===== EXERCISE DATA =====

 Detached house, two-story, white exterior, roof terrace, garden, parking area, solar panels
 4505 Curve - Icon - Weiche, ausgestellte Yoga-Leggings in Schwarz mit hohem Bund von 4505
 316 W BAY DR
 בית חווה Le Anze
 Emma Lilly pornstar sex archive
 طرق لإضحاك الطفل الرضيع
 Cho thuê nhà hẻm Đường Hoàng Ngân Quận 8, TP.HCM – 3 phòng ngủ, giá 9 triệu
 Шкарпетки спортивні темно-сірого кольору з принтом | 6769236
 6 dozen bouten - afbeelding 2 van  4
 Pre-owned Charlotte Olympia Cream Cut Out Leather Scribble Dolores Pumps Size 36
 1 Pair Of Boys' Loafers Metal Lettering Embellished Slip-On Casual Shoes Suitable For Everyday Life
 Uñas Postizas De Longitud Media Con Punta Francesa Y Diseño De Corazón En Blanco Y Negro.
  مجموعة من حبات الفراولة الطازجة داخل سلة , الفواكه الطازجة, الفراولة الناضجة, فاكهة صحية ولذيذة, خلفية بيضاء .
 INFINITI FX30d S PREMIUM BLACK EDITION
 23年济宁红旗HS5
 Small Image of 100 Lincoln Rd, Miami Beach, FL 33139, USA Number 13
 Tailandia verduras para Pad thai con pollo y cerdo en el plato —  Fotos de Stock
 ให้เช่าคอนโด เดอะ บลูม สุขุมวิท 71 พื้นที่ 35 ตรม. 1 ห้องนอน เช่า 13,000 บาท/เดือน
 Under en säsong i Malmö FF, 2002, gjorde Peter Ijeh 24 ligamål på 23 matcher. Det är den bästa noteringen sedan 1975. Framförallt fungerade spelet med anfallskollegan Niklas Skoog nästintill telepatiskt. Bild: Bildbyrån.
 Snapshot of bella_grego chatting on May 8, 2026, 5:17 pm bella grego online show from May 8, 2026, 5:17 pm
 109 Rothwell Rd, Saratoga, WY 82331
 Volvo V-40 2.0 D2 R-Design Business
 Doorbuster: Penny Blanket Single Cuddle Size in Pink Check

=====

- WHAT YOU NEED TO DO
Output all of the records above unchanged.

- WRITTEN REPLY
 Detached house, two-story, white exterior, roof terrace, garden, parking area, solar panels
 4505 Curve - Icon - Weiche, ausgestellte Yoga-Leggings in Schwarz mit hohem Bund von 4505
 316 W BAY DR
 בית חווה Le Anze
 Emma Lilly pornstar sex archive
 طرق لإضحاك الطفل الرضيع
 Cho thuê nhà hẻm Đường Hoàng Ngân Quận 8, TP.HCM – 3 phòng ngủ, giá 9 triệu
 Шкарпетки спортивні темно-сірого кольору з принтом | 6769236
 6 dozen bouten - afbeelding 2 van  4
 Pre-owned Charlotte Olympia Cream Cut Out Leather Scribble Dolores Pumps Size 36
 1 Pair Of Boys' Loafers Metal Lettering Embellished Slip-On Casual Shoes Suitable For Everyday Life
 Uñas Postizas De Longitud Media Con Punta Francesa Y Diseño De Corazón En Blanco Y Negro.
  مجموعة من حبات الفراولة الطازجة داخل سلة , الفواكه الطازجة, الفراولة الناضجة, فاكهة صحية ولذيذة, خلفية بيضاء .
 INFINITI FX30d S PREMIUM BLACK EDITION
 23年济宁红旗HS5
 Small Image of 100 Lincoln Rd, Miami Beach, FL 33139, USA Number 13
 Tailandia verduras para Pad thai con pollo y cerdo en el plato —  Fotos de Stock
 ให้เช่าคอนโด เดอะ บลูม สุขุมวิท 71 พื้นที่ 35 ตรม. 1 ห้องนอน เช่า 13,000 บาท/เดือน
 Under en säsong i Malmö FF, 2002, gjorde Peter Ijeh 24 ligamål på 23 matcher. Det är den bästa noteringen sedan 1975. Framförallt fungerade spelet med anfallskollegan Niklas Skoog nästintill telepatiskt. Bild: Bildbyrån.
 Snapshot of bella_grego chatting on May 8, 2026, 5:17 pm bella grego online show from May 8, 2026, 5:17 pm
 109 Rothwell Rd, Saratoga, WY 82331
 Volvo V-40 2.0 D2 R-Design Business
 Doorbuster: Penny Blanket Single Cuddle Size in Pink Check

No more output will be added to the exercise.